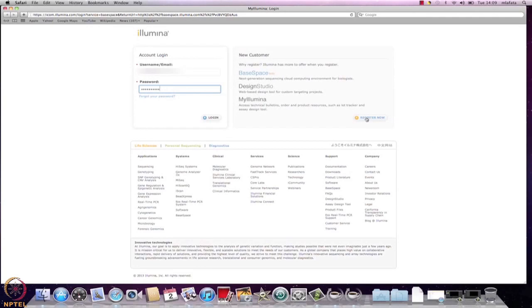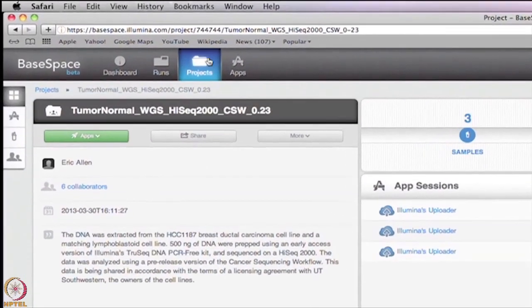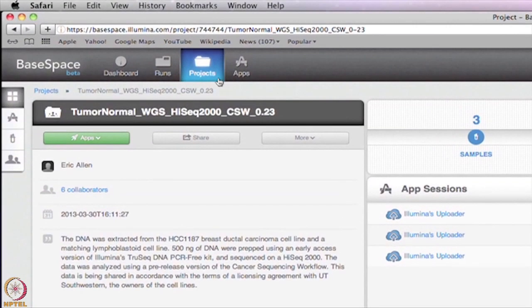Clicking on the link will take you to the BaseSpace login page. Log in or create an account by clicking 'Register Now' — this will give you instant access. The first time you log in to BaseSpace, you may need to read and accept the user agreement. After logging in, you will be taken to the tumor-normal BaseSpace project page. A project is a container for various analysis files, including samples, which are FASTQ files that result from runs, and output files from running analyses, stored under app sessions.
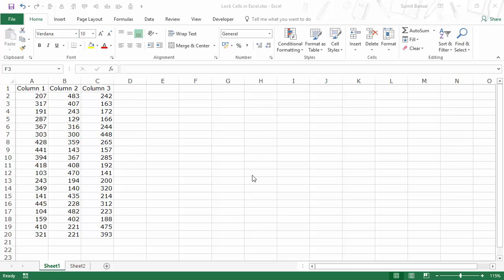Hello and welcome to the video by Trump Excel. I am Sumit Bansal and in this video I will show you how to lock cells in Excel. When I say lock cells in Excel, I mean that you do not want other people or users of the workbook to make changes to those cells or worksheets that have been locked.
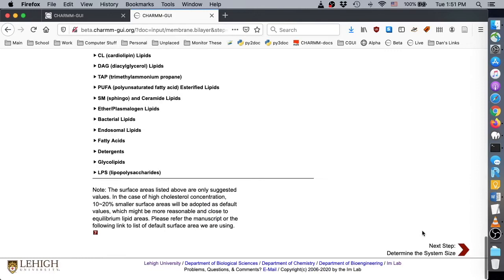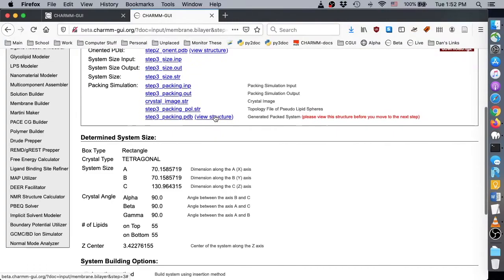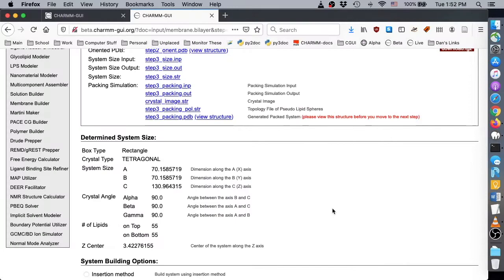On this page, we should view the oriented GPCR and the protein lipid packing model. We can change the ion concentration on this page, but for our purpose, the default values are acceptable, so we continue by clicking Next.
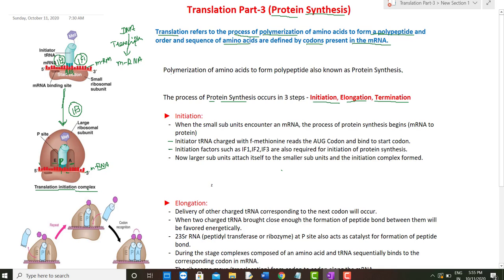Initiation factor 3 attaches further, and the whole complex forms the translation initiation complex. The larger ribosomal subunit also gets attached, making the complete complex — with both subunits of the ribosome, mRNA, and tRNA — known as the translation initiation complex. Notably, the initiator tRNA is the only tRNA that binds directly to the P site; all other tRNAs first enter the A site before moving to the P site.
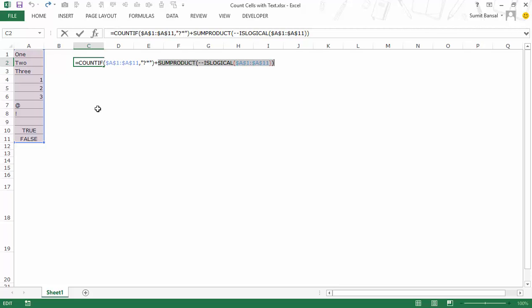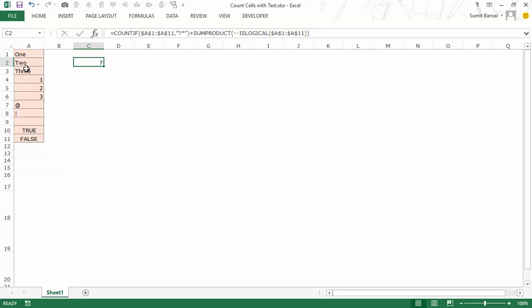So now when I hit Enter it gives me seven, because there are seven cells that have text characters — it could be these pure text strings, special characters, or logical values. This is how you can use a combination of different formulas and wildcard characters to count cells with text only, text and blanks, or text and logical values. That's it for this video — I hope you found this useful. Thank you and have a nice day.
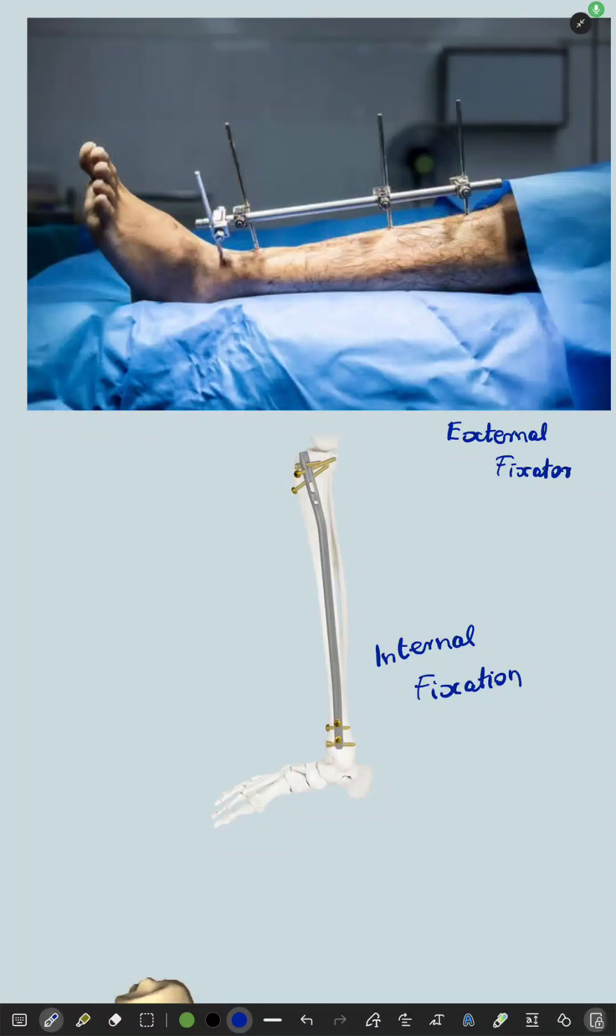Have you ever wondered why some patients have instrumentation outside their leg like this, while some patients have instrumentation inside their leg like this?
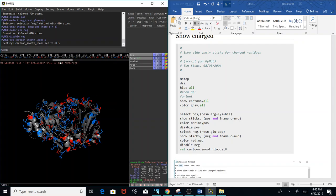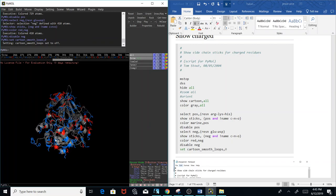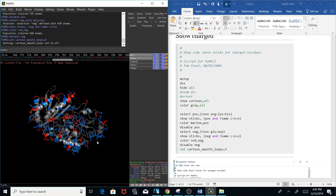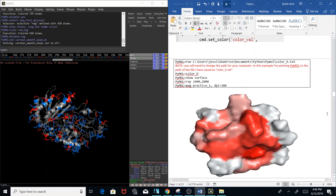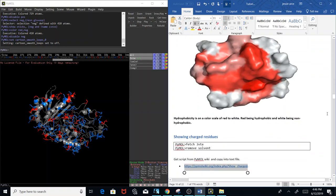That's another script — you can do this on other proteins as well. In your homework you might be asked to highlight hydrophobic residues; use the color_h plugin. If asked to show the surface with hydrophobic residues colored, use the color_h plugin, then 'show surface' and create a picture. If asked to show charged residues, use the charged residues script. That would be the answer.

####

#### [WHAT YOU NEED TO DO]
Output the records above exactly; leave out the pictures.

#### [TASK ANSWER]
Clicking on the link will take you to the BaseSpace login page. Log in or create an account by clicking 'Register Now' — this will give you instant access. The first time you log in to BaseSpace, you may need to read and accept the user agreement. After logging in, you will be taken to the tumor-normal BaseSpace project page. A project is a container for various analysis files, including samples, which are FASTQ files that result from runs, and output files from running analyses, stored under app sessions.
Hello and welcome to the video by Trump Excel. I am Sumit Bansal and in this video I will show you how to lock cells in Excel. When I say lock cells in Excel, I mean that you do not want other people or users of the workbook to make changes to those cells or worksheets that have been locked.
On this page, we should view the oriented GPCR and the protein lipid packing model. We can change the ion concentration on this page, but for our purpose, the default values are acceptable, so we continue by clicking Next.
Initiation factor 3 attaches further, and the whole complex forms the translation initiation complex. The larger ribosomal subunit also gets attached, making the complete complex — with both subunits of the ribosome, mRNA, and tRNA — known as the translation initiation complex. Notably, the initiator tRNA is the only tRNA that binds directly to the P site; all other tRNAs first enter the A site before moving to the P site.
So now when I hit Enter it gives me seven, because there are seven cells that have text characters — it could be these pure text strings, special characters, or logical values. This is how you can use a combination of different formulas and wildcard characters to count cells with text only, text and blanks, or text and logical values. That's it for this video — I hope you found this useful. Thank you and have a nice day.
Have you ever wondered why some patients have instrumentation outside their leg like this, while some patients have instrumentation inside their leg like this?
That's another script — you can do this on other proteins as well. In your homework you might be asked to highlight hydrophobic residues; use the color_h plugin. If asked to show the surface with hydrophobic residues colored, use the color_h plugin, then 'show surface' and create a picture. If asked to show charged residues, use the charged residues script. That would be the answer.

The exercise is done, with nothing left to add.